The ballot measure to increase taxes on companies with more than $25 million in annual sales is affecting candidate races.
The Oregon Secretary of State runs elections and audits government agencies, but that didn’t stop Measure 97 from drawing fire from Republican candidate Dennis Richardson, who spoke in front of the North Clackamas Chamber of Commerce.
“The legislature is an addict, and the drug of choice is money. And once they have a resource of money — they’re going to spend it!” Richardson warned the business group.
“When Dennis [Richardson] talks about the legislature being addicted,” argued Democratic nominee and state labor commissioner Brad Avakian, “you have to understand that he had the most powerful chair in Salem, writing the state budget.”
Avakian also served in the legislature, but he contended Richardson’s position put him in the position to direct revenue to state services, which could have made Measure 97 unnecessary
The Republican Richardson acknowledged he co-chaired Ways and Means for a time, but he said budget troubles are largely the fault of Democrats like Avakian.

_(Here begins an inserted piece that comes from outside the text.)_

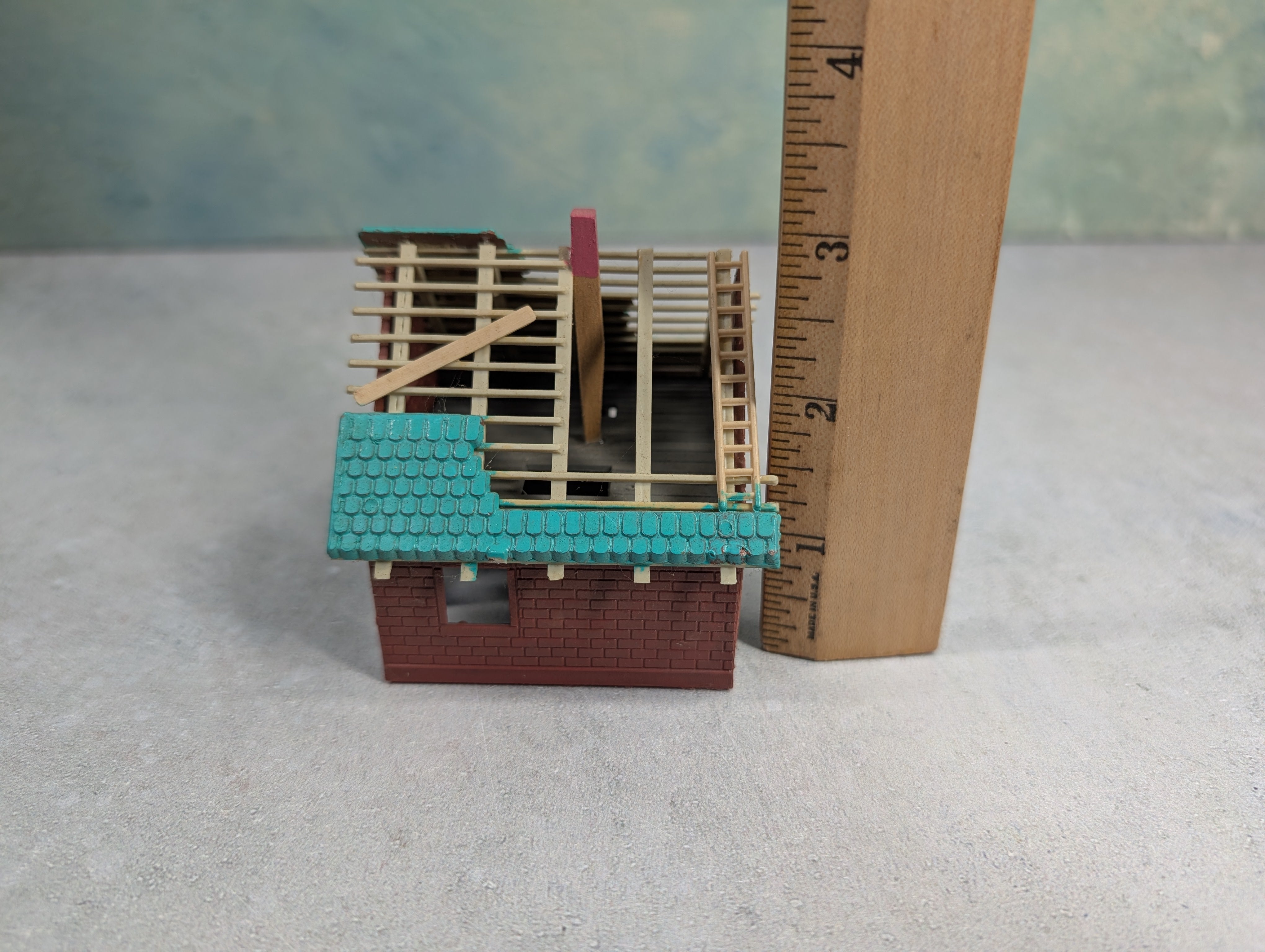 USED HO Scale Brick Home Under Construction w/ Green Roof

Measure 97 is also dividing candidates in the Oregon Treasurer’s race.
Even when candidates were asked at a forum Thursday about the state’s Public Employee Retirement System, the answers brought up Measure 97.
“It is a PERS bailout,” argued Republican nominee Jeff Gudman. “The Democratic leadership in Salem has said ‘there are no other options, other than to give us more money.’ That’s not true.”

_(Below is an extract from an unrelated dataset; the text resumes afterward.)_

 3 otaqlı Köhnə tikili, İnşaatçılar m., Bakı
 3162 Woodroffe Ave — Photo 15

The Independent running for Treasurer, Chris Telfer, also said she is “adamantly opposed” to the corporate tax measure. She says it’s too much growth of state government at the expense of business.

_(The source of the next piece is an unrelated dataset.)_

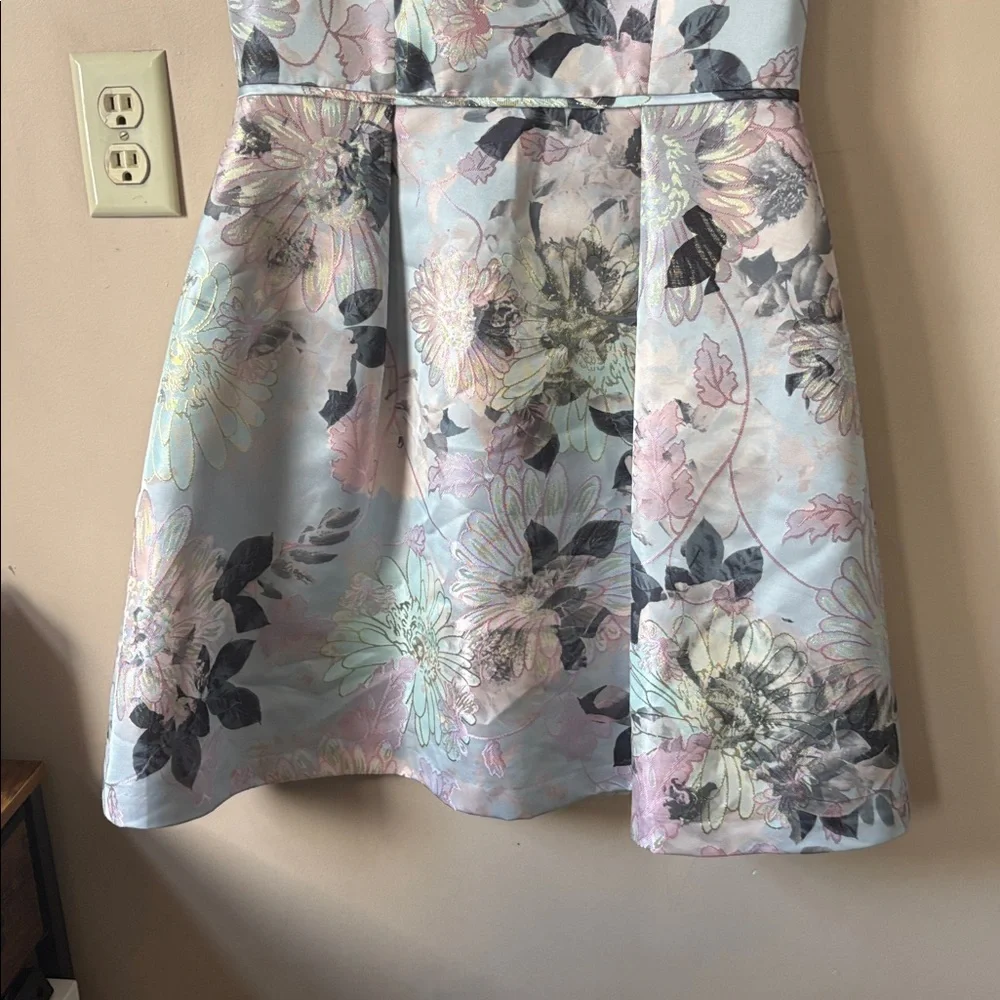 Tahari ASL Pastel Watercolor Floral Brocade A-Line Fit & Flare Dress Size 6 - Picture 4 of 10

But Democratic candidate Tobias Read supports Measure 97 as a way to fund state services. Read told the Clackamas business group he’s frustrated more hasn’t been done in the legislature, where Read represents parts of Beaverton.
When treasurer candidates did get around to confronting the cost of PERS directly, again, they diverted.
The state forecasts billions in retirement costs in the years to come. Lawmakers have seen many of their previous attempts to fix the system rejected in court because the changes would violate contracts with public employee unions.
Read concluded that the best course for the next state treasurer is to focus on boosting investment returns.
Independent Chris Telfer doubted the state can earn its way out of the PERS problem. She touted a nine-point plan to fix PERS.
“Number one, we need to acknowledge that it’s a crisis. We keep pushing it and kicking the can down the road and not solving, not even paying attention to it to the degree that it should be,” said Telfer.
Telfer said it’s possible to cut costs and fund other causes, like affordable housing.
Republican nominee Jeff Gudman agreed there are ways to rein in costs, such as changing the annuity rate and setting inflation caps.